Dem aufmerksamen Leser wird manch leicht kritischer Ton nicht entgangen sein, besonders wenn es um Dienstleistungen geht. Nun, das ist nicht böse gemeint, es sollte nur die Situation widerspiegeln.
Die Menschen hier in Südafrika haben eine gewisse Lebensart und Mentalität, die Weißen eine andere als die Schwarzen. Viele kommen mit dem von Mandela eingeleiteten Umbruch der Gleichberechtigung noch nicht so richtig zurecht. Es treibt manchmal eigenartige Blüten. Trotzdem trifft man hier viele liebe und nette Menschen jeder Hautfarbe. Auch wenn es mal mit einer Bestellung nicht so klappt oder eine Dienstleistung nicht so erbracht wird, wie wir es bei uns gewohnt sind; Alle sind bemüht ihr Bestes zu leisten und mit einem Lächeln bekommt man schnell Aufmerksamkeit und Freundlichkeit zurück.

Reiseveranstalter Berge & Meer

+ Das war unsere erste Reise mit Berge und Meer und wir würden es wieder tun.
+ Das Informationsmaterial bei Reiseantritt war ausreichend und gut.
+ Unsere beiden Reiseführer vor Ort, deutsche Auswanderer, leben seit über 40 Jahren in Südafrika. Sie glänzten mit viel Fachwissen und Hintergrundinformationen. Das soll aber im Parallel-Bus auf einer Tour nicht so gut gewesen sein.
+ Zeiteinteilung für Besichtigungen, Pausen gut, war aber nicht bei allen Reiseleitern gleich gut.
+ 3 bis 4 Sterne Hotels i.d.R. gut, sehr gutes Preis/Leistungsverhältnis.
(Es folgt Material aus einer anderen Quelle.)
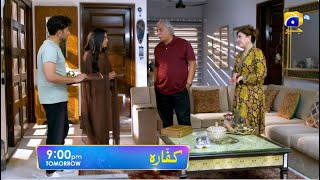 Kaffara Episode 82 Promo  Tomorrow at 900 PM only on Har Pal Geo [upl. by Witt]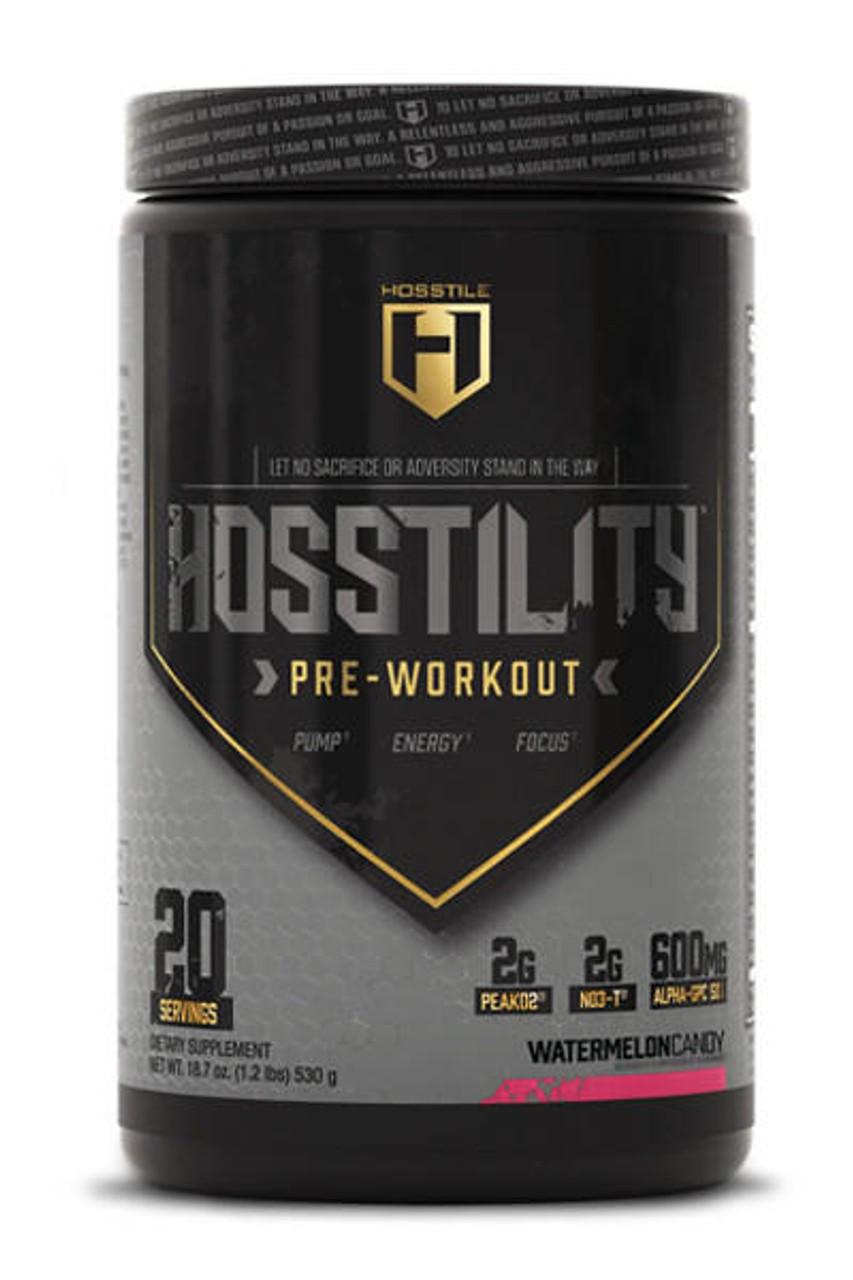 Hosstility by Hosstile Hosstility by Hosstile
Seit 1994 wurden alle Hotels von Schwarzen übernommen. Sie bemühen sich zwar den üblichen Hotelstandard zu erhalten, doch oft klappt das nicht immer wie erwartet.
+ Guter Bus, gute Fahrer. Gut auch das Sitzplatzrotationsprinzip. So saß jeder mal vorne.
o Wenn es denn einen Meckerpunkt gibt, dann der: Beim Einchecken in Frankfurt wurden wir als Gruppe von Berge&Meer behandelt. Und Gruppenreisende können keine Sitzplätze reservieren und sie nur eingeschränkt wählen. - In Johannesburg war die Sitzplatzwahl komischerweise kein Problem.